Just a bit confused- this is equivalent to, the only point all linear functionals can vanish at is zero. Presumably I want to define some linear subspace to then use but the only one that jumps out at me is span(t) which then doesn't seem to give me anything. Any hints?

 

[micromass]

You're going in the right direction. Assume that $t\neq 0$. Then set $M= span(t)$. Now define a suitable nonzero functional on $M$ and extend it by Hahn-Banach.

 

[Zoe-b]

Possibly in the right direction, but unfortunately not at speed :P

I want to find a linear functional f defined on M s.t. f vanishes at t (so that its Hahn-Banach extension will satisfy the given property).. but if f vanishes at t then it vanishes on the whole of M, which is not particularly useful. I'm probably being incredibly slow but would appreciate a further hint, sorry! Also I have a lot of exams to revise for and don't really want to spend loads of time trying to prove this one little bit... Thank you in advance for any help!

 

[micromass]

You want to assume that $t\neq 0$ and you want to find a linear functional that does not vanish at $t$. This would be a contradiction with the property that $t$ has (namely, that all the linear functionals vanish there.
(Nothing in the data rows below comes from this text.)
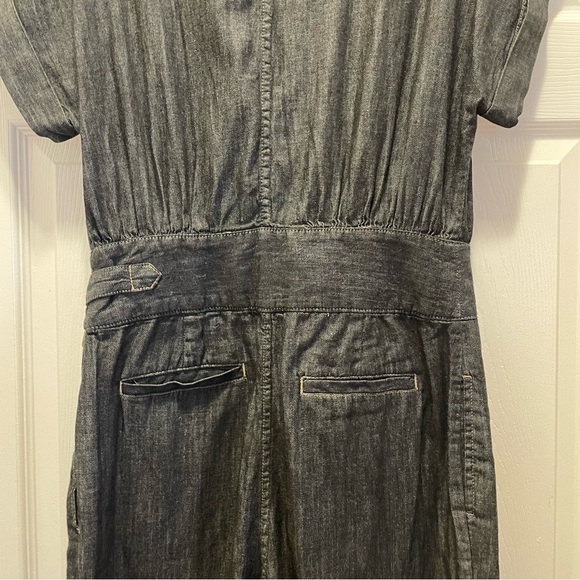 NWT Lauren Ralph Lauren Denim Jumpsuit 
Nightfall Wash Collar ShortSleeve Size 4 - Picture 8 of 11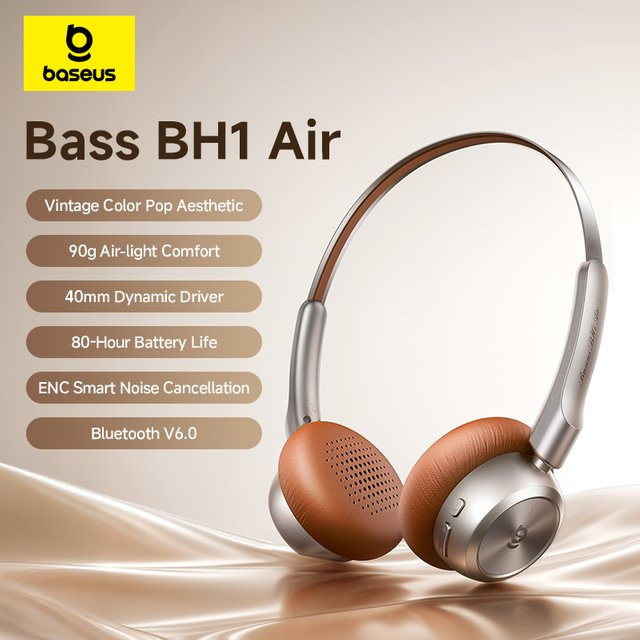Baseus BH1 Air Kabellose Over-Ear-Kopfhörer mit Bluetooth 6.0 und ENC Geräuschunterdrückung in Silber - Bild 1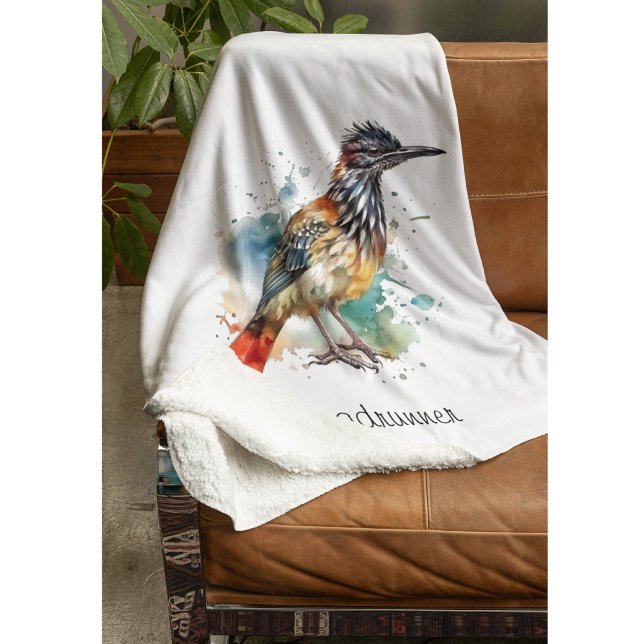 Desert Spirit, Roadrunner in Watercolor, custom Fleece Blanket (Creator Uploaded)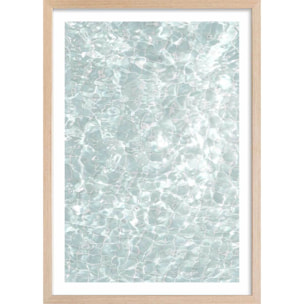 Poster au fond de la piscine Affiche + cadre en bois - Chêne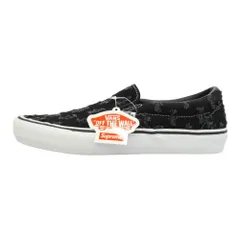 Supreme シュプリーム VANS バンズ 20SS VN0A38DD2DC x Vans バンズ PRO Slip-On Hole Punch Denim スリッポン ホールパンチ デニム スニーカー ブラック系 28cm【極上美品】【中古】のサムネイル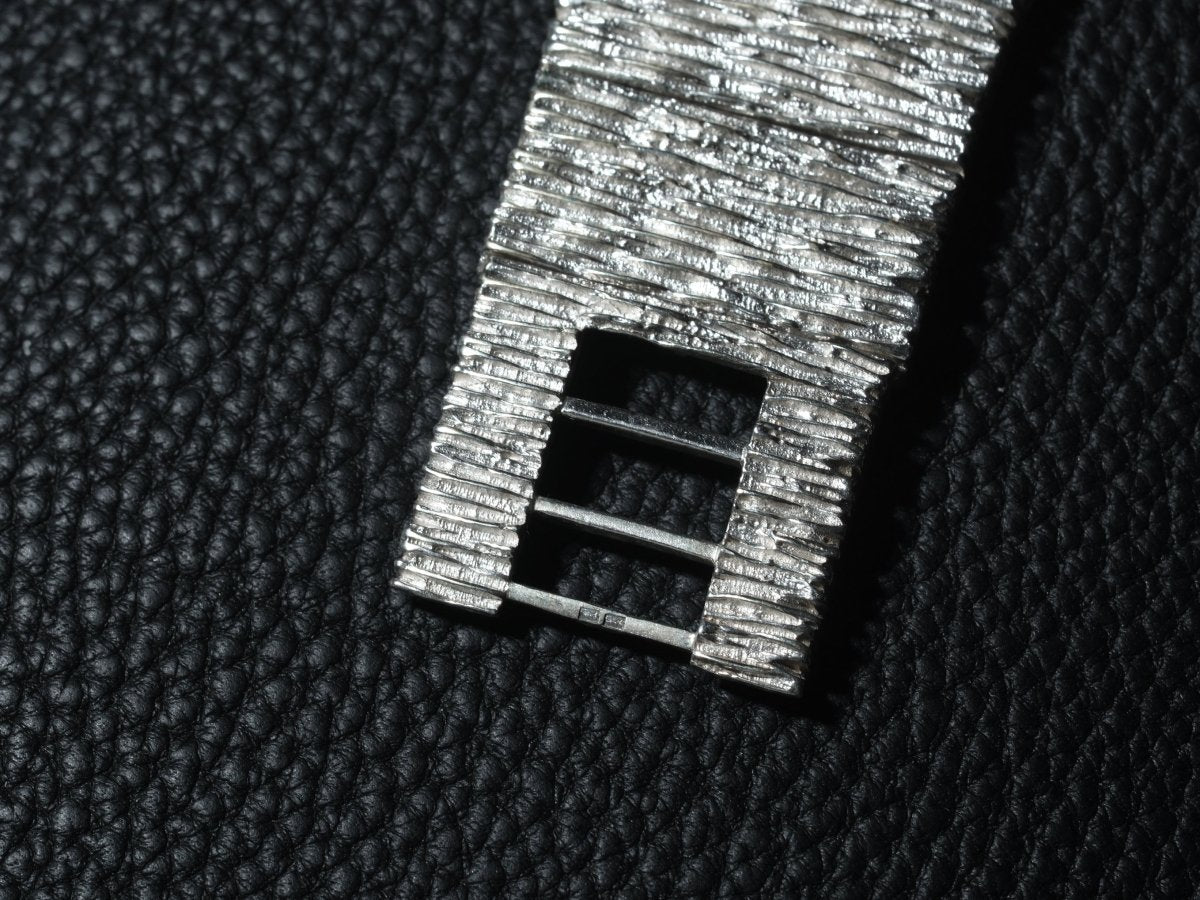 Extraordinary Heika 70s Silver Watch Bark Finish Blue Dial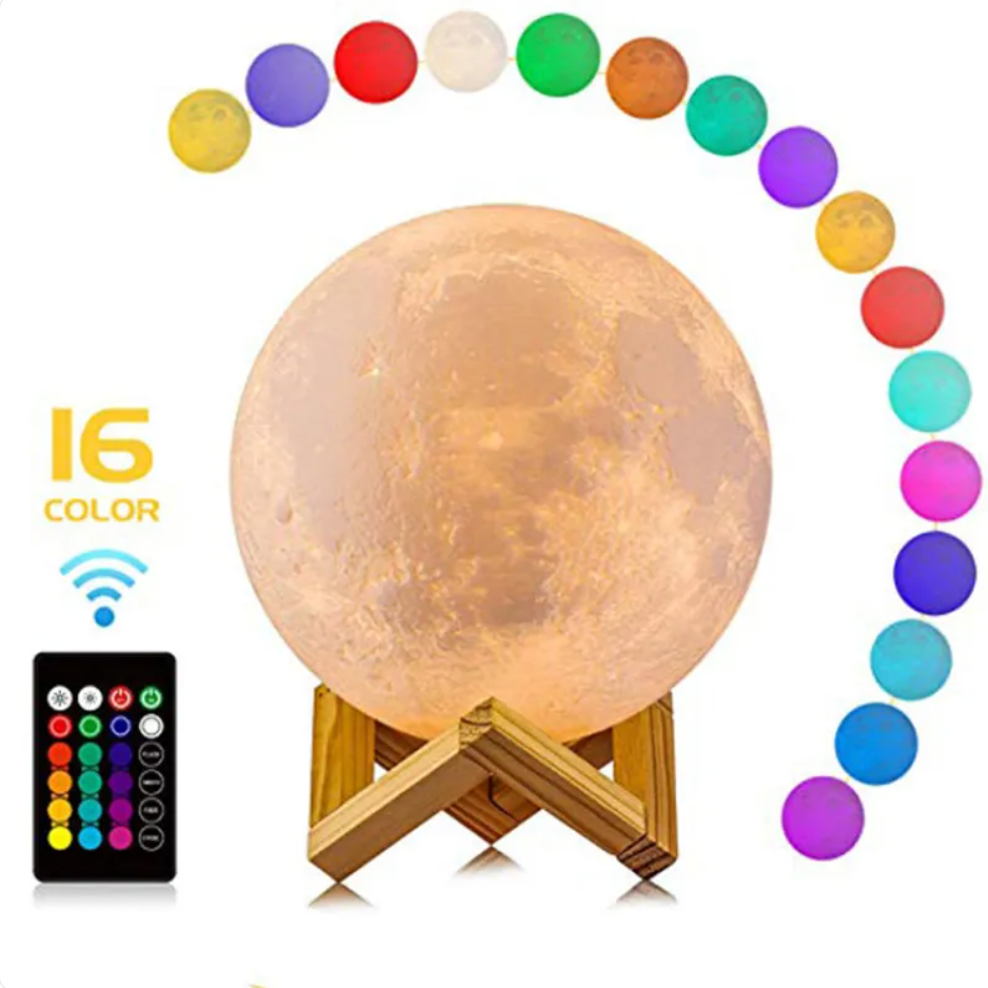Lunara 3D Moon Lamp - Wireless LED with Dimmable Colors and Wooden Stand 4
So, can you find a linear functional $f:M\rightarrow \mathbb{R}$ with $M=span(t)$ such that $f(t)\neq 0$?

 

[Zoe-b]

Hmmn I think I was getting confused with the logic of what I was trying to do then. I can take f(at) = a |t| (where |t| is its norm). Then if every functional vanishes at t then the extension of f, g satisfies g(t) = 0 = |t| and by positive definiteness t is zero.